Have you ever been to a wedding where you felt like you had to take a number – just to give a quick “Hi” to the bride and groom?  Who hasn’t!?

With 15 years in the wedding industry I have seen a good mix of:

  1. Brides that choose to have wedding lines – This is the “take a number, wait in line” feeling that guests often get. I have seen it all, including the all-out 15 person bridal party line complete with bridesmaids, groomsmen, and flower girls — these can last 3+ hours…  Is this what you want to be doing on your wedding day?!  The stereotypical Utah Reception Line comes because of the excessive guest list that many brides have.  It is not uncommon to send 500+ invitations.
  2. Brides that choose not to have wedding lines – This is usually when the bride and groom have an intimate guest list and have a traditional celebration (wedding, pre-reception photos/cocktails, dinner, dancing).  They generally greet wedding guests during the dinner, cocktails, and dancing – whenever is conveniant.  There isn’t a set time or area blocked off for a formal greeting line).
  3. A combination of having a line or not having a line – This is a great option when you may have a lot of guests, but you want the line very limited – usually just the bride and groom.  In this scenario, the bride and groom aren’t usually in a fixed location.  They spend a lot of their time moving about, greeting guests.  The parents and other wedding party members aren’t a part of the line and get to relax and enjoy the reception.

Having attended hundreds, if not thousands of weddings over the years including mine that was thrown in the middle there somewhere, it seemed like there were more people that did lines than didn’t.  Over the years, it has become more popular not to have a formal line.  The drawback of not having a line is – the more guests you invite, the more likely a line will form naturally.  Also, it is important to remember – your wedding guests have set aside part of their day to celebrate with you and it is important to acknowledge they came.

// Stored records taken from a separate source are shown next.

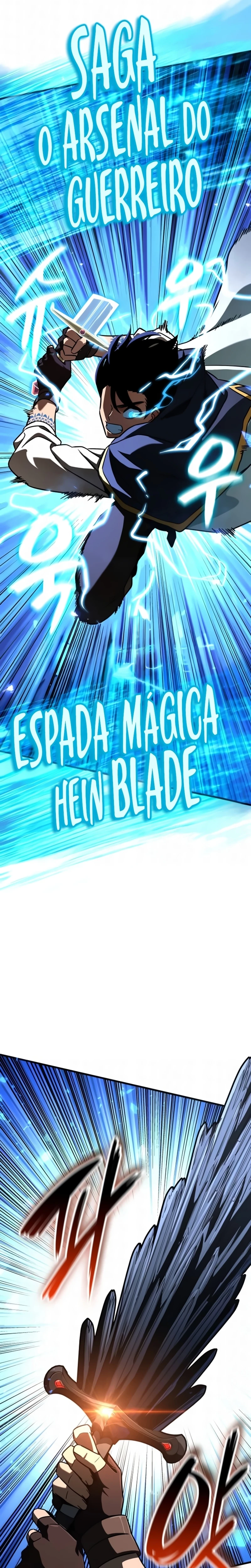 Página 13 do Capítulo 63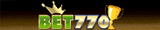 bono bet770 bono bet770
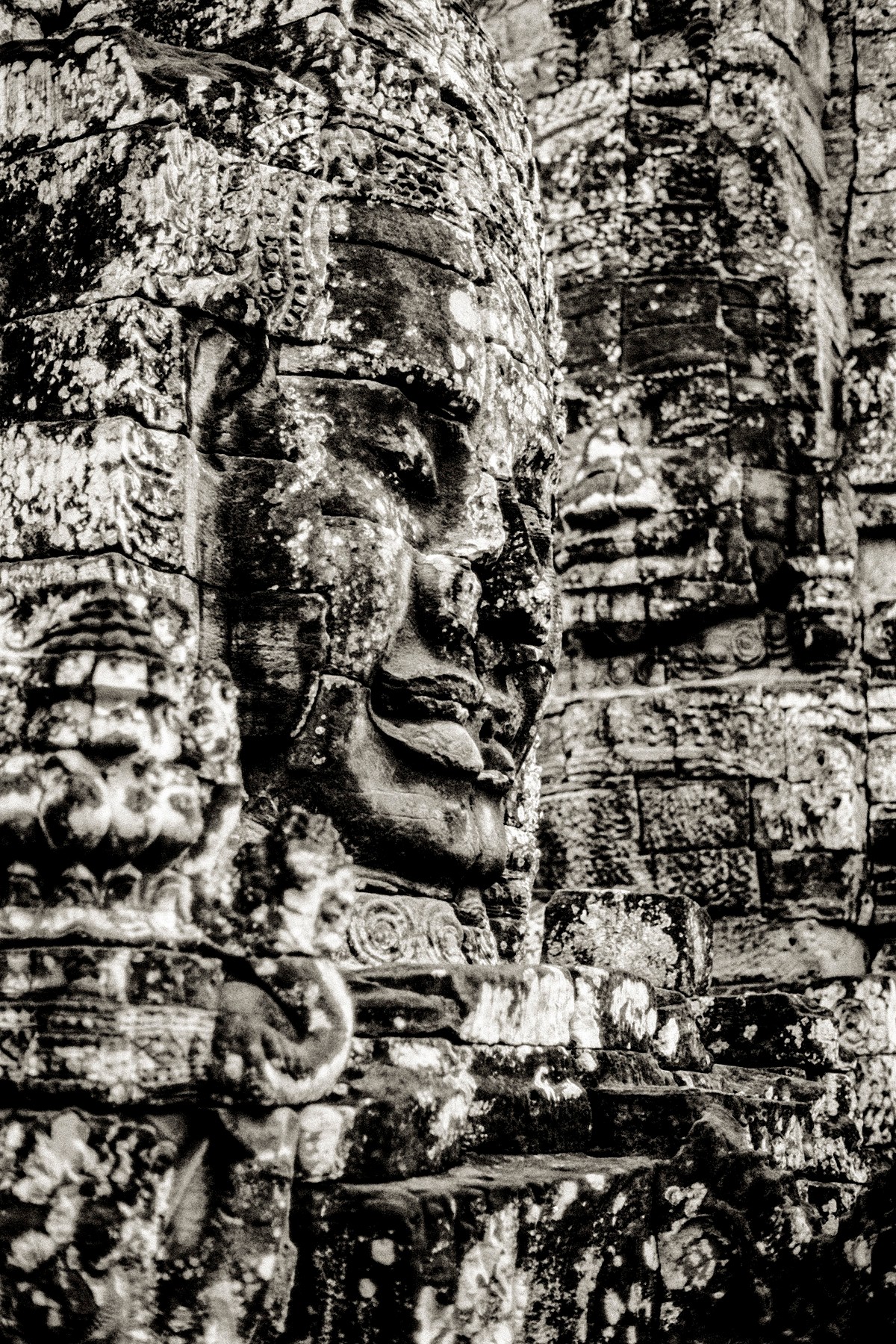 ANGKOR.F1.4_0060-Edit.jpg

When brides choose a more intimate guest list and limit it to close family and friends, they have the opportunity to spend more time with each guest.  Another plus — more time for the bride and groom to enjoy the reception!

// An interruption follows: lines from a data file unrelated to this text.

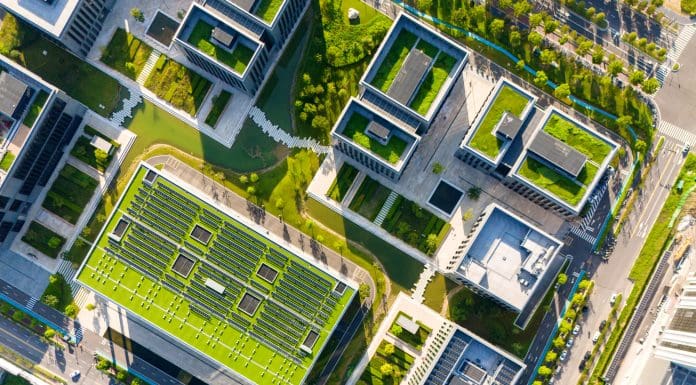 Are we really designing homes for the future? Rethinking how homes perform in a changing climate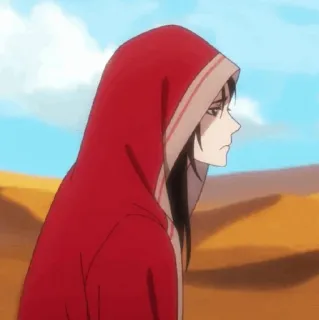 “𝑆𝑎𝑛 𝐿𝑎𝑛𝑔; @Hua_Lian telegram stickers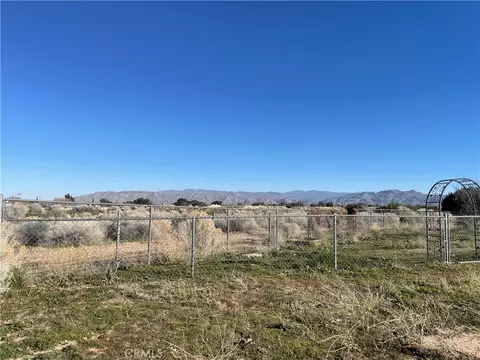 0 Victor Ave, Hesperia, CA 92345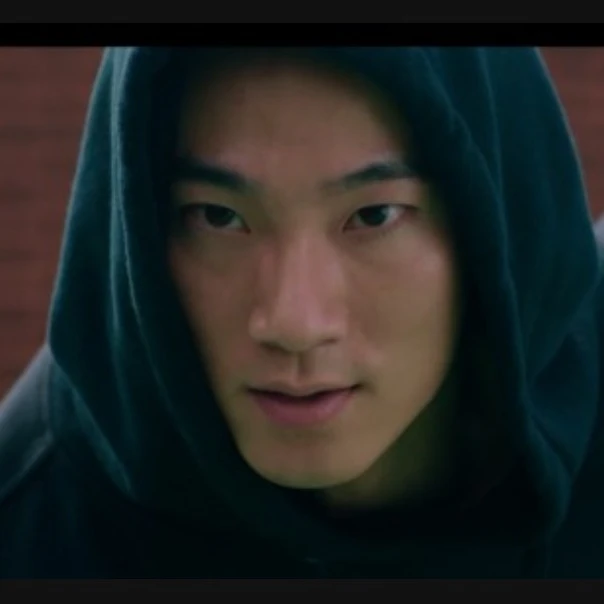 지청신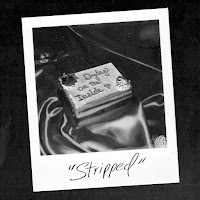 Nessa Barrett - Dying On The Inside (Stripped) загрузить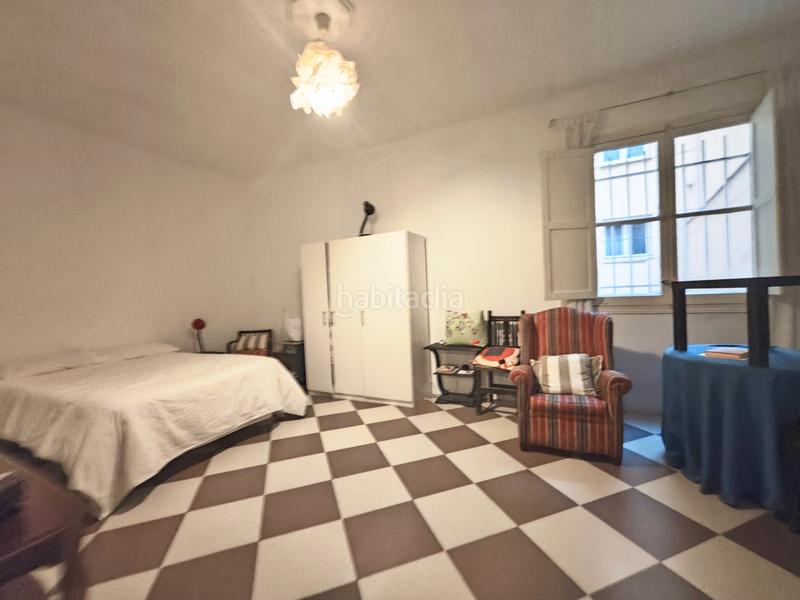 Foto d96d6c84-8249-492e-a4c5-d2a7383036b2. Flat in calle de los señores de luzón 4 in Palacio Madrid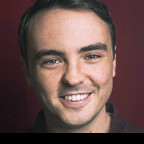 Cavan Edwards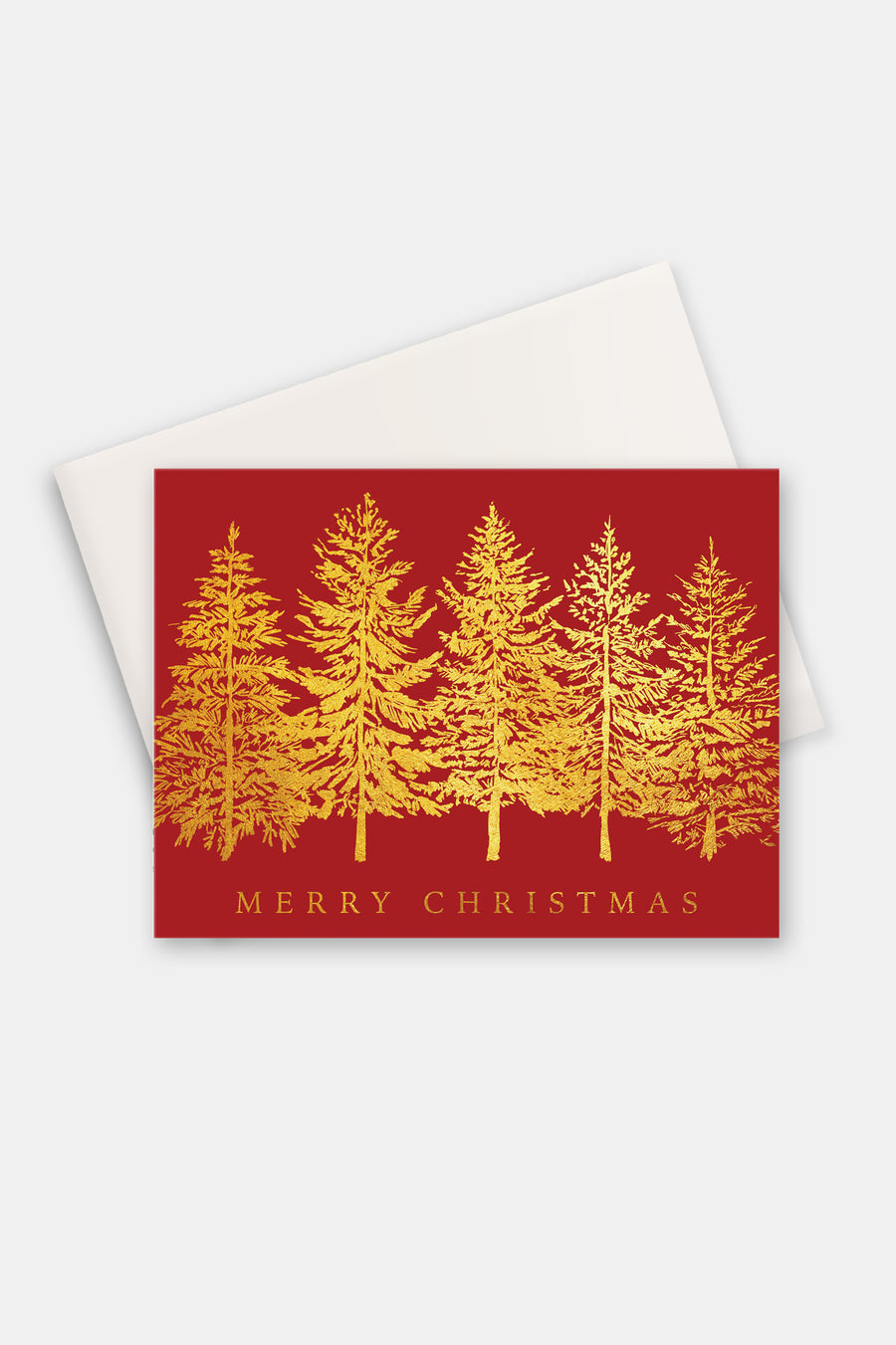 Holiday, Gold Pines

Think twice about how many people to include in your guest list.  The number of people you invite to your wedding and reception greatly impacts other decisions throughout the day.  If you have chosen to have a line, take into consideration those who will be part of the line.  I have seen people literally fall asleep (especially children) while standing in line and if you think a little ring bearer or flower girl can stand in line for more than 10 minutes you are going to have a big surprise.  Also consider your guests, they are there to see you and wish you well but they shouldn’t have to wait an hour to do so, their time is precious too.

If you plan on having a line and you also want to have dancing it is very important that you indicate that on your invitation.  I have been to many weddings where the bride and groom want to break to dance but the line is still going out the door.  Not only that but if you have a photographer or videographer at the reception it is likely you are paying them by the hour.

Wedding receptions can be a great place to catch up with old friends, meet new people and celebrate marriage but remember this is your day.  Make it magical, don’t feel like you have to give in to “tradition” just because that is what everyone else did.  Make is special for you because once it is over all you will have is the pictures and video to look back on and you probably would get bored watching yourself just standing in line.